Hardly the model of a savvy negotiator, Trump threw a tantrum.  If you do not fund the Wall now, he threatened, I will shut down the federal government.  The Democrats could accept that result, since Trump said he would take the responsibility.  They would refuse him the political trophy he badly wanted for the 2020 campaign.

The Wall was an impractical and impossible promise.  While it pleased some of Trump’s supporters, he was unable to negotiate successfully with either Mexico or Congress.  His bullying did not work, bringing a shutdown.  Does it matter whose fault that was?

Just as the Wall was the symbol of an impossible American way to keep out non-white immigrants, the United Kingdom embarked on a similar effort with similar results. 

Many British disliked both the free entry of Eastern European workers and following rules made by international officials, both essential parts of the European Union.  Promised that quitting the EU would save money, end immigration and allow the U.K. to recover some of its imperial glory, a narrow majority voted to leave the EU.

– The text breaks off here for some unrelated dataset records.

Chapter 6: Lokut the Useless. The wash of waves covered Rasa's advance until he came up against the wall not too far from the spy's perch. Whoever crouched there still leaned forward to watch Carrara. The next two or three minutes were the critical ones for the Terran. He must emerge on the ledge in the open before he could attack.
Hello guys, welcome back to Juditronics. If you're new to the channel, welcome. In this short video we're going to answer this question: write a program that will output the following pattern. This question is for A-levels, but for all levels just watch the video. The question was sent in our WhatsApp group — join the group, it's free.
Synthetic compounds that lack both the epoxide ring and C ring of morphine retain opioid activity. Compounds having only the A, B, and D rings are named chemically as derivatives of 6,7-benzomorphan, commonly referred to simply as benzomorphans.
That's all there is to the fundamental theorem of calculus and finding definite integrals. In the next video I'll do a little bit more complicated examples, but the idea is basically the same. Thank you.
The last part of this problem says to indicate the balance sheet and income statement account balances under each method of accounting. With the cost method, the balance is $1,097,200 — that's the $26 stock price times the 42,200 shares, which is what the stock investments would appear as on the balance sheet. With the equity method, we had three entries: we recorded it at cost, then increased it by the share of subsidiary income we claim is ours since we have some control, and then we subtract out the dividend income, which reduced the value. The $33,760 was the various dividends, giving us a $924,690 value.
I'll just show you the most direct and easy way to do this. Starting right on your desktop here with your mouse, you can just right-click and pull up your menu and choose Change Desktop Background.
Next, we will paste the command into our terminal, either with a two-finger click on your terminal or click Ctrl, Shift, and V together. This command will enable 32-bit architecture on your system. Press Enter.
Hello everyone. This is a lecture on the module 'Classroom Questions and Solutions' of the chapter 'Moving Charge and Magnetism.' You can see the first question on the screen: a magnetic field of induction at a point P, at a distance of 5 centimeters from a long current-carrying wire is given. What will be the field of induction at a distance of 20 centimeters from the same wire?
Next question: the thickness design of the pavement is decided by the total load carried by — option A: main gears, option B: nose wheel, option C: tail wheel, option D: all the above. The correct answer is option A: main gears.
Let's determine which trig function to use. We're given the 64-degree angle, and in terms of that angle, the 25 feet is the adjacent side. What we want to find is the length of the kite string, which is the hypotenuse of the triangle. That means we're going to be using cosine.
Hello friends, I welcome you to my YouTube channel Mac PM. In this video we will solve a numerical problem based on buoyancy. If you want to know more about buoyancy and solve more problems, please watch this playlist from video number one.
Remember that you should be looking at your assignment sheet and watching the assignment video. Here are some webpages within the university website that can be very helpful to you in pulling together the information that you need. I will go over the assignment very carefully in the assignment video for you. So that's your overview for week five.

Without knowing what kind of deal should result, the U.K. simply served notice it would leave by March.  May’s negotiator claimed that his country held all the cards, when, in fact, it had none.  The biggest problem was how to handle Ireland. 

The Good Friday agreement, negotiated under the leadership of Maine’s George Mitchell, had ended bloody conflict in Northern Ireland.  It was helped because both independent Ireland and the 
Northern Ireland, part of the U.K., are members of the EU, and have no economic border.  What would happen if the U.K. left the EU?

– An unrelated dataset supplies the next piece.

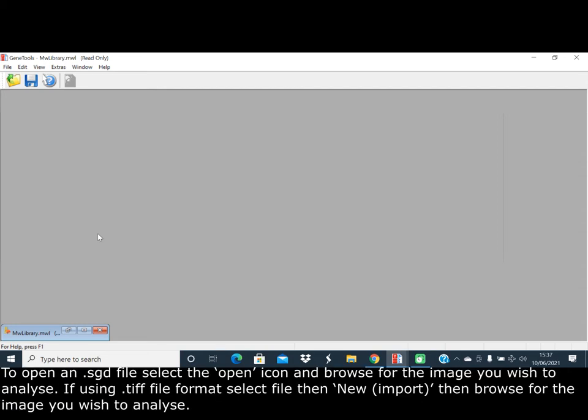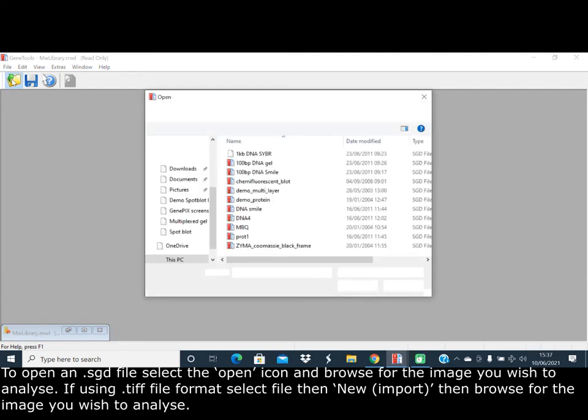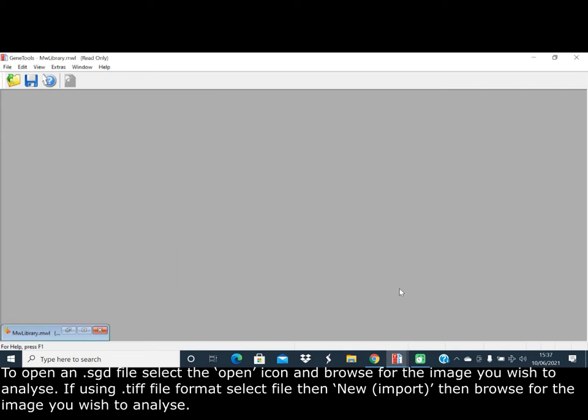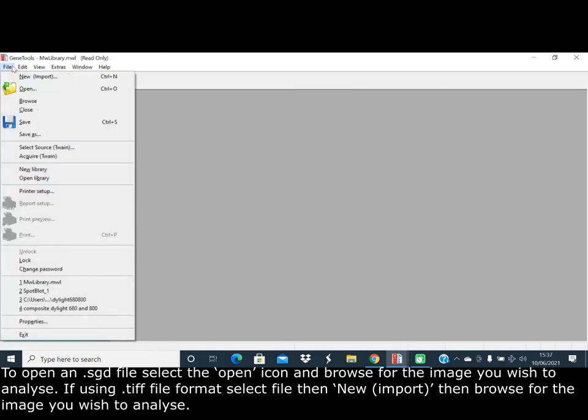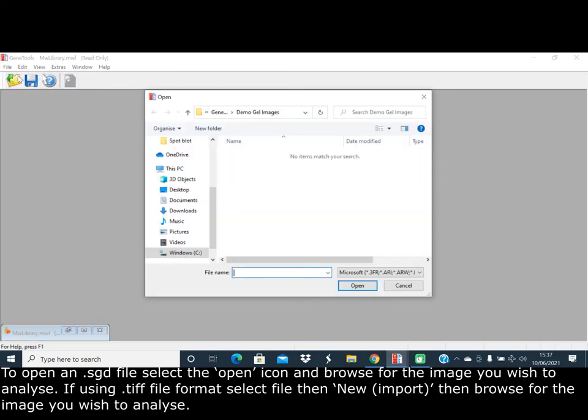To open an SUD file, select the open icon and browse for the image you wish to analyze. If using the TIFF file format, select File, New, Import, and browse for the image you wish to analyze.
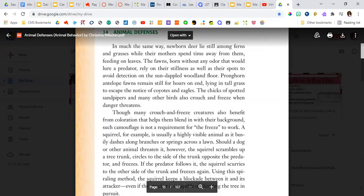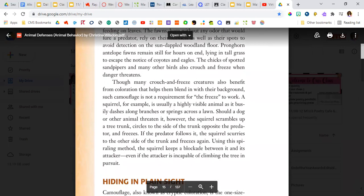Pronghorn antelope fawns remain still for hours on end, lying in the tall grass to escape the notice of coyotes and eagles. The chicks of spotted sandpipers and many other birds also crouch and freeze when danger threatens.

At the same time, the British learned that many campaign promises could not be kept.  Leaving the EU cost the U.K. money.  Foreign workers were needed, but they began moving out.  Financial institutions, vital to the British economy, began to make plans to transfer to the Continent.

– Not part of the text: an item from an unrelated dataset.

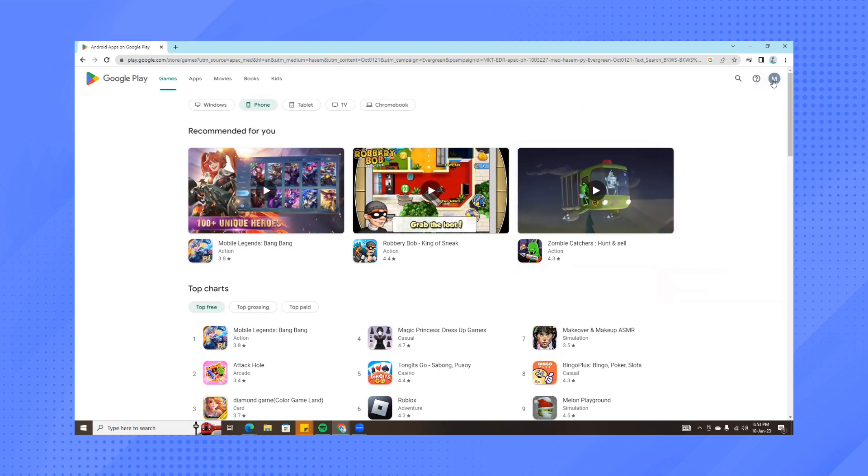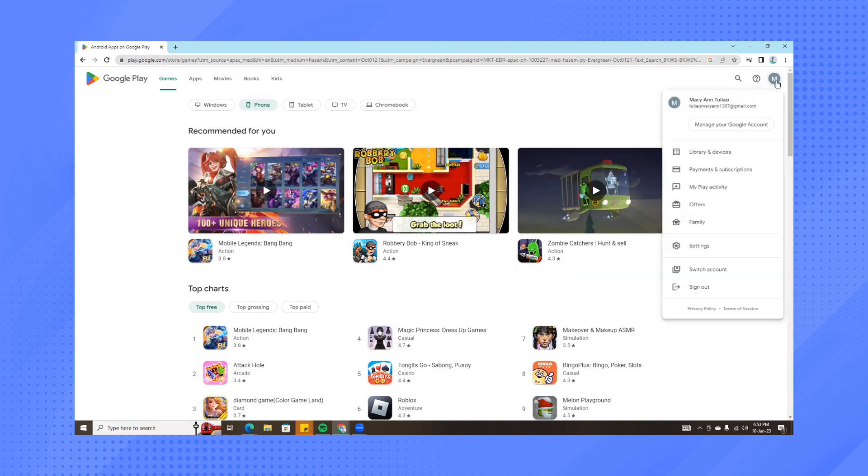Once you click your icon on the upper right part of your screen, you'll see library, devices, payments and subscriptions, and more. What we need to click is payments and subscriptions.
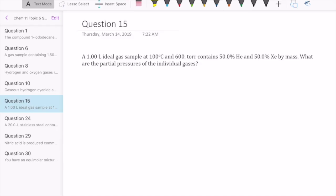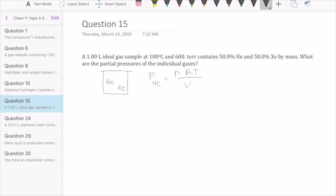The problem tells us we have an ideal gas sample at a certain temperature, pressure, and volume, composed of 50% helium and 50% xenon by mass, and asks for the partial pressures of the individual gases. In terms of partial pressures, we think back to Dalton's law. There are two ways to calculate partial pressure: one is using the ideal gas equation, where the pressure of helium equals n·RT/V with n being moles of helium. The other way is using the mole fraction equation: mole fraction of helium times the total pressure, where mole fraction equals moles of helium divided by total moles of helium plus xenon.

May tried to negotiate a compromise deal, but she was forced to accept continued EU domination to keep some of the essential benefits of membership.  The EU did not want to make leaving so easy that other countries might be tempted.

Leaving the EU was a promise that cannot be kept – at least not without economic hardship.  Nobody had an idea about Ireland.  The alternative must boil down either to decide to remain in the EU or quit cold turkey with consequences that might even lead to renewed bloodshed.

Political promises are often made to be broken.  Telling voters what they want to hear is much easier than working to produce results.  It takes some courage for leaders to admit a mistake and move on to practical solutions.

Trump and May are learning that failing to understand the limits of negotiating could turn out to be the path to defeat.

Friday, December 28, 2018

Trump creates damaging uncertainty



The biggest problem facing the U.S. is not immigration, health care or a trade war.

It is uncertainty.

The inability of business leaders, pension fund managers, foreign government heads, Congress and individuals to count on usual practices and policies has created deep worries.

The stock market is not a reliable measure of all these concerns, but its deep decline reflects that uncertainty.  Even its recovery might do little to restore more confidence about the future.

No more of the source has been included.